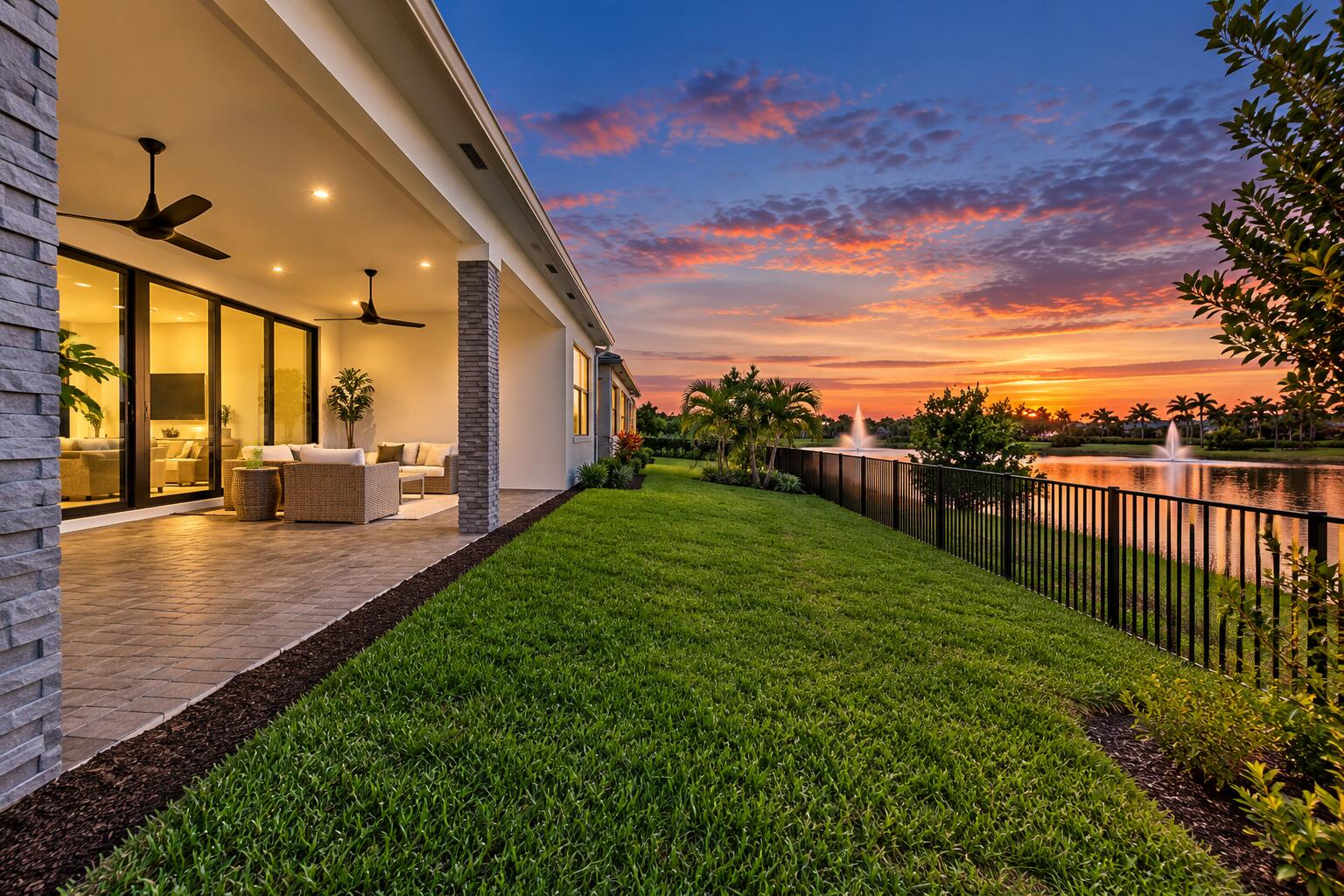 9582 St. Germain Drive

※

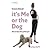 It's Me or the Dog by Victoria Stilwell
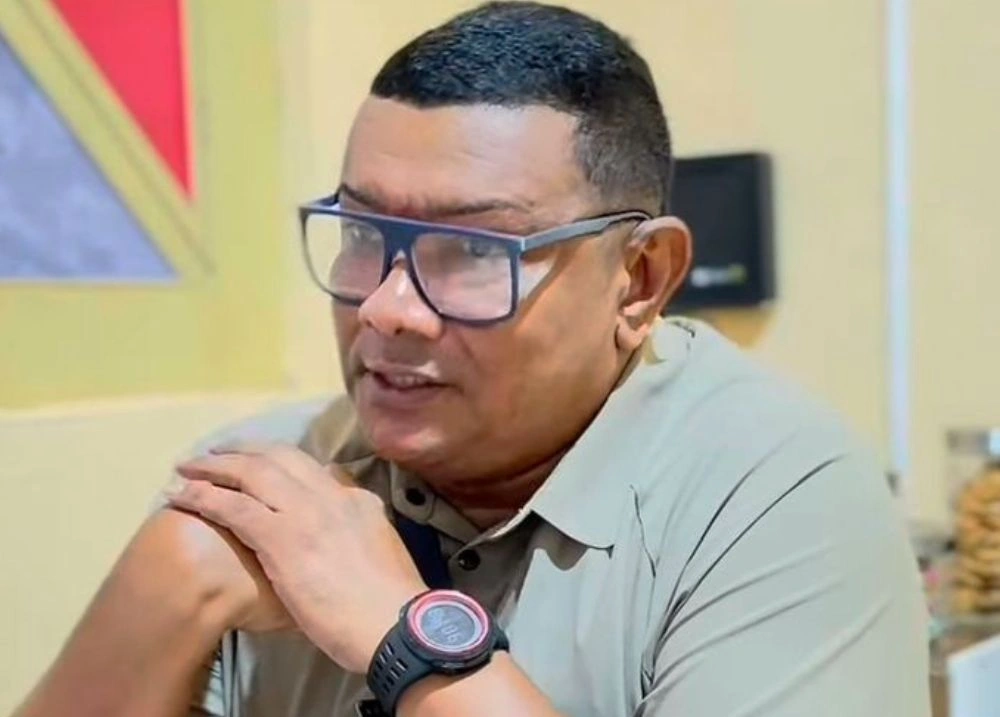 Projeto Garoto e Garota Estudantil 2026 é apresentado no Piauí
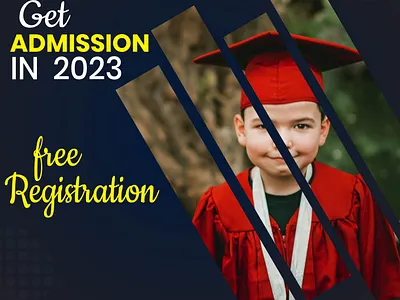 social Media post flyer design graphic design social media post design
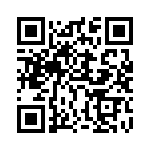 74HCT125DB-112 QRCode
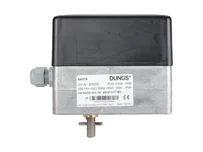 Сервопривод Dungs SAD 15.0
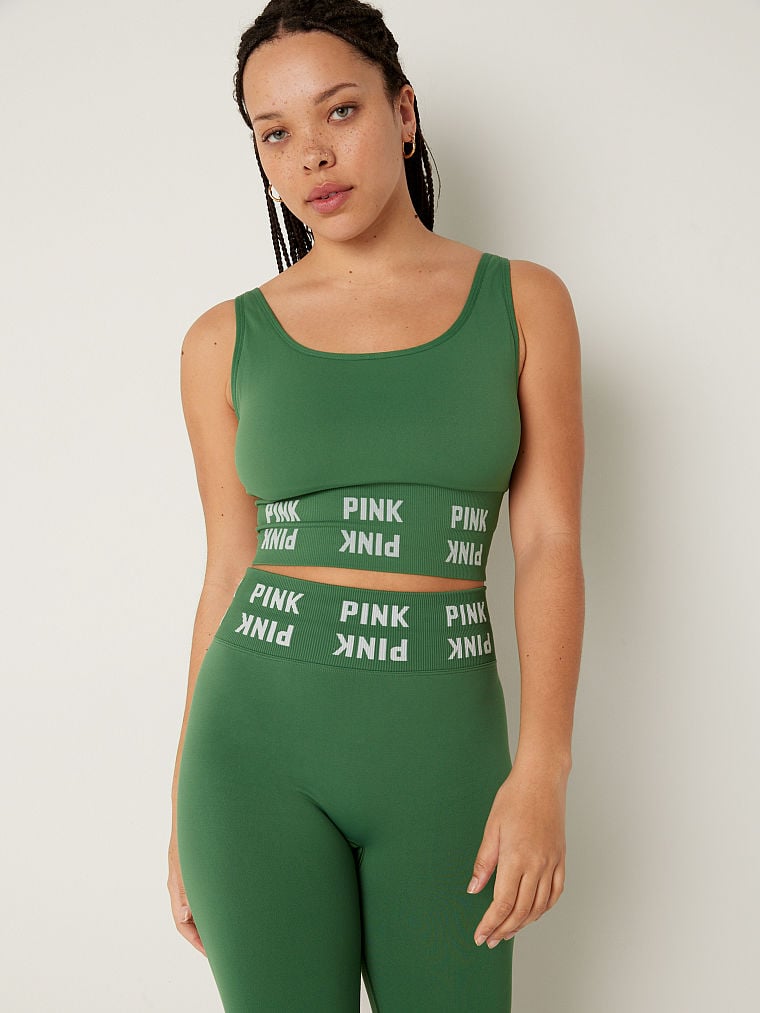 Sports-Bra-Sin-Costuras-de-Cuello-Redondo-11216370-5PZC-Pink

※

What are the lines in the records above, word for word, from the one containing "social Media post flyer" through the one containing "Sports-Bra-Sin-Costuras-de-Cuello-Redondo-11216370-5PZC-Pink", both ends included and pictures left out?

 social Media post flyer design graphic design social media post design
 74HCT125DB-112 QRCode
 Сервопривод Dungs SAD 15.0
 Sports-Bra-Sin-Costuras-de-Cuello-Redondo-11216370-5PZC-Pink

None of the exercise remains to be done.